Quand l'homme du nihil se sent bien, il trouve cela extrêmement louche. Il se dit que quelque chose ne tourne pas rond, qu'il y a une « couille dans le pâté » 1. Cette inquiétude ne tarde pas à dégénérer en angoisse et... vous avez compris.

1. Dans le Bade-Wurtemberg, la couille ou touille désigne une grande cuillère en bois qui sert à cuisiner.

(Fernand Delaunay, Glomérules)

vendredi 15 avril 2022

Green

 

« Voici des fruits, des fleurs, des feuilles et des branches. Et puis voici du taupicide, au cas où les fruits, les fleurs, et cetera (le réel, quoi) vous donnerait des courbatures. »

(Fernand Delaunay, Glomérules)

jeudi 14 avril 2022

Une trop fragrante solitude

 

L'homme du nihil a toujours jalousé la solitude du « pue des pieds » — encore plus extrême selon lui que celle du « pue de la gueule ».

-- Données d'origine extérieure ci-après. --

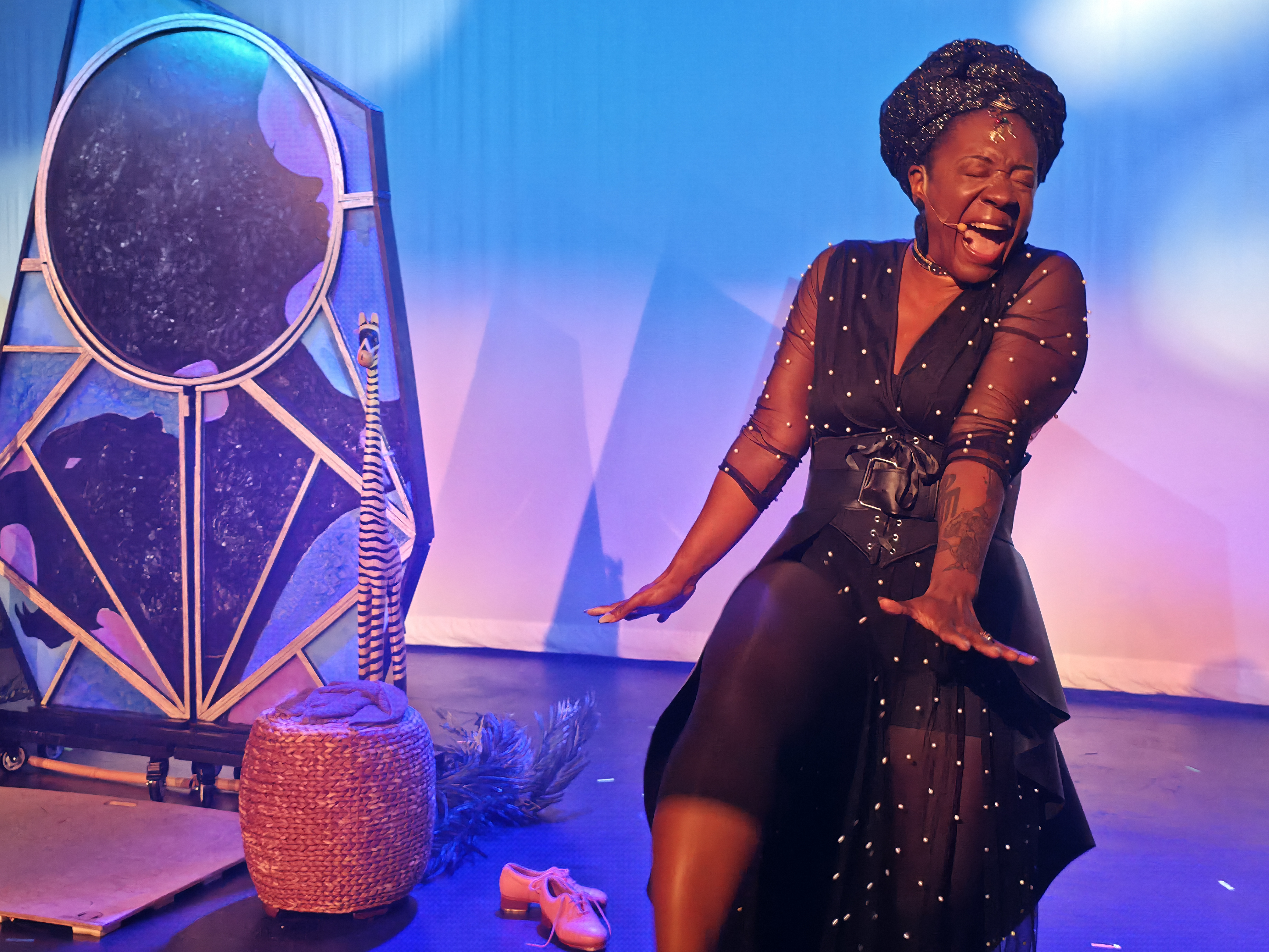 District Theatre Nina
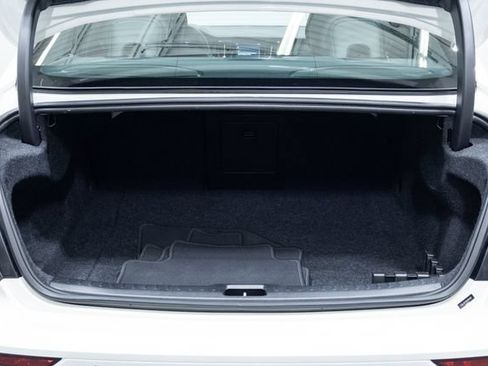 Used 2024 Volvo S60 B5 Plus FWD image 9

(Fernand Delaunay, Glomérules)

Caillou sur le chemin de la sagesse

 

Pour parvenir à la sagesse et trouver ainsi le repos, l'homme du nihil s'efforce de n'avoir aucune opinion sur rien. Mais comment faire quand une « mégère difforme au faciès d'hippopotame » vous poursuit de sa vilenie ? On est bien forcé d'avoir une opinion sur cette grosse vache, non ? N'est pas Pyrrhon qui veut !

(Fernand Delaunay, Glomérules)

Généalogie du nihilisme (hors nihilisme russe)

 

En dépit des fanfreluches métaphysiques dont il se pare, le « nihilisme » n'est peut-être que le produit d'un certain ressentiment envers les personnes du sexe (ressentiment né d'un manque de confiance en soi, d'un problème de cohabitation avec une belle-mère envahissante ou de tout autre cause). Deux observations étaient cette hypothèse. Primo, on ne trouve pas de « nihiliques » chez les personnes du sexe. Deuzio, un homme heureux en ménage, un homme tendrement aimé, qu'on appelle « mon petit lapin », « mon roudoudou en sucre », etc, ne dit jamais — ou presque jamais — que « rien n'est ». — Autre hypothèse : le « nihilique » a été nourri avec du lait en poudre quand il était un nouveau-né.

(Fernand Delaunay, Glomérules)

mercredi 13 avril 2022

Miracle de la « mijole »

 

« Hier, dimanche 3 juin, dans le train qui me ramenait de Compiègne à Paris. En face de moi, une jeune fille (dix-neuf ans ?) et un jeune homme. J'essaie de combattre l'intérêt que je prends à la jeune fille, à son charme, et pour y arriver, je m'efforce de me convaincre que c'est une cruche. Je l'imagine lisant du Daniel Pennac, du Christian Bobin ou — horresco referens — du Philippe Delerm. Rien n'y fit. Le charme qu'elle dégageait s'exerçait toujours sur moi. Tel est le miracle de la “mijole”, des “biberons Robert” et du fondement (de l'historialité du Dasein). » (Stylus Gragerfis, Journal d'un cénobite mondain)

(Fernand Delaunay, Glomérules)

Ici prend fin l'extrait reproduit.